The center tube is filled with liquid. It bubbles much like the tube in the Lionel Oil Well. 

To run the wires inside the structure takes more dexterity and patience than I possess.


----------



## Big Ed (Jun 16, 2009)

Dave Sams said:


> The center tube is filled with liquid. It bubbles much like the tube in the Lionel Oil Well.
> 
> To run the wires inside the structure takes more dexterity and patience than I possess.


Cool bubbles up the stem...I got to get me one. :thumbsup:

You could just run the wires up a piece of styrene tubing paint it black and tack it to the outside.
If you want. 

In your picture....is it bubbling. 
It bubbles just like the oil well? It heats up through a bulb? Or some how different?


----------



## Dave Sams (Nov 24, 2010)

It's not bubbling. It take a few minutes for the light bulb to heat the liquid.


----------



## Big Ed (Jun 16, 2009)

Dave Sams said:


> It's not bubbling. It take a few minutes for the light bulb to heat the liquid.

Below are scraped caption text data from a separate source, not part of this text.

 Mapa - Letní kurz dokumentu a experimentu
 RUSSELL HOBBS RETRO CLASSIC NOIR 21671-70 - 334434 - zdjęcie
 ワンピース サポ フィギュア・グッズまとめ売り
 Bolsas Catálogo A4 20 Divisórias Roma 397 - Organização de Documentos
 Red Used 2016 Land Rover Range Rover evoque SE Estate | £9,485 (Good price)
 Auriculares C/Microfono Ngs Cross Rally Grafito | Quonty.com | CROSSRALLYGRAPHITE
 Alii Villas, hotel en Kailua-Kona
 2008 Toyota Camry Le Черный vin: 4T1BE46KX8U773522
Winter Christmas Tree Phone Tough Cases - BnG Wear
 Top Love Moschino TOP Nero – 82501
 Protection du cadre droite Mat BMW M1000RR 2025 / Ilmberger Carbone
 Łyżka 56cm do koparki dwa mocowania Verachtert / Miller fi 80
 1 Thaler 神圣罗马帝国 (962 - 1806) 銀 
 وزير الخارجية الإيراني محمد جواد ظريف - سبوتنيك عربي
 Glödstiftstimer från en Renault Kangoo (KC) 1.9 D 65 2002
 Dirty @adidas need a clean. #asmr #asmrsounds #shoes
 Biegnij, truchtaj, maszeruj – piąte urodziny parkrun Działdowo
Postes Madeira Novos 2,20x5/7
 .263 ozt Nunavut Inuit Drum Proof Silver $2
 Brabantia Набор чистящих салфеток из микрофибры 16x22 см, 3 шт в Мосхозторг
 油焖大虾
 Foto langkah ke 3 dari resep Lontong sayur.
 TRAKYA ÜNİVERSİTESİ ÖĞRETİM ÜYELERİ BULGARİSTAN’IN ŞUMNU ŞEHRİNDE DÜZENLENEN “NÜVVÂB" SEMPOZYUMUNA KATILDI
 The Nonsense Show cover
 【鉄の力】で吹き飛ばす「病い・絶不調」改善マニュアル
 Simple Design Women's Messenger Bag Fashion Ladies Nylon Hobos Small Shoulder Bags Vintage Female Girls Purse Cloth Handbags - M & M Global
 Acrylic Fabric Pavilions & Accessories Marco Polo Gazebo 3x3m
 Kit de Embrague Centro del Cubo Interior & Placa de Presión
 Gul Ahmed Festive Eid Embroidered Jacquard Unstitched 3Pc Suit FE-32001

I am guessing just the bottom of the stem heats up and bubbles?
Or does the whole center tube light up all the way to the top?


----------



## Dave Sams (Nov 24, 2010)

OK OK here we go boys and girls





and at night





I have a switch to turn the oil well and billboard off!


----------



## gunrunnerjohn (Nov 10, 2010)

It's a standard Christmas bubble light tube that is used, the same as the older oil drilling platform.


----------



## sjm9911 (Dec 20, 2012)

Real cool dave, I cant wait to get my oil derick installed on my l ayout. The bubbles are kind of hypnotic. Any problems with the heat of the bulb being close to foam that anyone knows about? I was going to hollow out under the bulb and fill in with fire rated caulk or something similar.


----------



## Big Ed (Jun 16, 2009)

I don't know about the foam but to be safe do what you said, sounds good.

Dave I like that. 

I hear the clank clank, what is there a pump I can't see, like on the oil well somewhere?

The blinking light looks good too. :thumbsup:


----------